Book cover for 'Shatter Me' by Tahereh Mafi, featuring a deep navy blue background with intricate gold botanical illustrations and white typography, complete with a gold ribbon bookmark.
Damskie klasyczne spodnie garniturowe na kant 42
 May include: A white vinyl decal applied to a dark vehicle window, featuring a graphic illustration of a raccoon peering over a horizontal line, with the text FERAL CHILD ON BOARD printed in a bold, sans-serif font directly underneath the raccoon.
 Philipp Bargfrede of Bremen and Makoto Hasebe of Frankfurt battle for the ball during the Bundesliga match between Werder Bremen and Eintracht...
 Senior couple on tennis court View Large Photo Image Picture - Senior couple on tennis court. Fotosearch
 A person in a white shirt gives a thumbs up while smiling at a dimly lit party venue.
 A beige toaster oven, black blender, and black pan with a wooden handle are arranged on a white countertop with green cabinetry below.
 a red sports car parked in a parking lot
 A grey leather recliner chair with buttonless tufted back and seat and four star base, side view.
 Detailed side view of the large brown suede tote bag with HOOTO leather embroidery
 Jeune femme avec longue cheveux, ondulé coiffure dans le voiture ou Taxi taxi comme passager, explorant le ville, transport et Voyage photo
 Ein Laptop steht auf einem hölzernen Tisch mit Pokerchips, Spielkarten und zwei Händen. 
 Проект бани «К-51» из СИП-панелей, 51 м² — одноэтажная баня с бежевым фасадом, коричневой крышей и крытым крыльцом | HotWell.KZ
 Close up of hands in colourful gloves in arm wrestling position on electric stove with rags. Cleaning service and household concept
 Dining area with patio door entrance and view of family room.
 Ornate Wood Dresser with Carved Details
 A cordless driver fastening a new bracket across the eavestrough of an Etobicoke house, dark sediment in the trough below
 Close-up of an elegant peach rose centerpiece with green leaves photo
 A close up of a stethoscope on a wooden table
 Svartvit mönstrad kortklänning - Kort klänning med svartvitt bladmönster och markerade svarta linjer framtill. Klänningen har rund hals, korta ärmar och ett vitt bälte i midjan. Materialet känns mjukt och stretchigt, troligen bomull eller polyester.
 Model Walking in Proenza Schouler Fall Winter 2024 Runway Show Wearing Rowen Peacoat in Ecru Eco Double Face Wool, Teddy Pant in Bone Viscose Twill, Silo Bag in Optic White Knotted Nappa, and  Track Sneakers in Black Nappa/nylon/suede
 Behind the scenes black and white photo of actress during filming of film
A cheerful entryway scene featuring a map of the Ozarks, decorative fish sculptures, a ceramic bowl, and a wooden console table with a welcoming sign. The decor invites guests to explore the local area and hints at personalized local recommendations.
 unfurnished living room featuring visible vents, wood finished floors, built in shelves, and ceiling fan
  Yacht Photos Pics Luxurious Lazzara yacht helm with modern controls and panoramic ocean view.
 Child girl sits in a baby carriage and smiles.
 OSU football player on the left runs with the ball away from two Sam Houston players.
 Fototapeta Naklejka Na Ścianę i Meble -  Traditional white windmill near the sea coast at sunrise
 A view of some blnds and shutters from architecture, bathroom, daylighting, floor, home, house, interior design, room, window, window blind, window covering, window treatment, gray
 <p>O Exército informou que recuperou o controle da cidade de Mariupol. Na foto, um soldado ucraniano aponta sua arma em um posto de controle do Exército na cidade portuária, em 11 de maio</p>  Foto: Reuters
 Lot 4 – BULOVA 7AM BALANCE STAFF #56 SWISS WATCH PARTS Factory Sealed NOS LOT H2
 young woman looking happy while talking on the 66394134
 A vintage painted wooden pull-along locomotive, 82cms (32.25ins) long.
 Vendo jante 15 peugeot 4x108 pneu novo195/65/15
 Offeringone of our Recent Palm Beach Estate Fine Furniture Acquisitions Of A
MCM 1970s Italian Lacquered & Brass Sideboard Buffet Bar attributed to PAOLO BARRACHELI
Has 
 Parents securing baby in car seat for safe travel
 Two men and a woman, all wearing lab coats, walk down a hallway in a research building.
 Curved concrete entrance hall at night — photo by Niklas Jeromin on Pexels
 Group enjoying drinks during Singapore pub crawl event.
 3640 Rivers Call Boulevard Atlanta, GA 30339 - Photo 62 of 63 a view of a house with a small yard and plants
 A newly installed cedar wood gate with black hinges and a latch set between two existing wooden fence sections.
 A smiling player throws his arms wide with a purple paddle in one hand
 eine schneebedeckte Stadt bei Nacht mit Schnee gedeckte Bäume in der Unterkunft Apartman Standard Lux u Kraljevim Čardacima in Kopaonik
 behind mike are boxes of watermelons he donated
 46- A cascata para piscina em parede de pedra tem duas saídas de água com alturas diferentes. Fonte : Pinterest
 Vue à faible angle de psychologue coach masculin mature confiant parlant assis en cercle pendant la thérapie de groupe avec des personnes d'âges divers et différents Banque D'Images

▶ Activity:
Among the records above, a stretch begins at the line containing "May include: A" and ends at the line containing "Ein Laptop steht". Restate that stretch word for word, and nothing else.

▶ Answer space:
 May include: A white vinyl decal applied to a dark vehicle window, featuring a graphic illustration of a raccoon peering over a horizontal line, with the text FERAL CHILD ON BOARD printed in a bold, sans-serif font directly underneath the raccoon.
 Philipp Bargfrede of Bremen and Makoto Hasebe of Frankfurt battle for the ball during the Bundesliga match between Werder Bremen and Eintracht...
 Senior couple on tennis court View Large Photo Image Picture - Senior couple on tennis court. Fotosearch
 A person in a white shirt gives a thumbs up while smiling at a dimly lit party venue.
 A beige toaster oven, black blender, and black pan with a wooden handle are arranged on a white countertop with green cabinetry below.
 a red sports car parked in a parking lot
 A grey leather recliner chair with buttonless tufted back and seat and four star base, side view.
 Detailed side view of the large brown suede tote bag with HOOTO leather embroidery
 Jeune femme avec longue cheveux, ondulé coiffure dans le voiture ou Taxi taxi comme passager, explorant le ville, transport et Voyage photo
 Ein Laptop steht auf einem hölzernen Tisch mit Pokerchips, Spielkarten und zwei Händen. 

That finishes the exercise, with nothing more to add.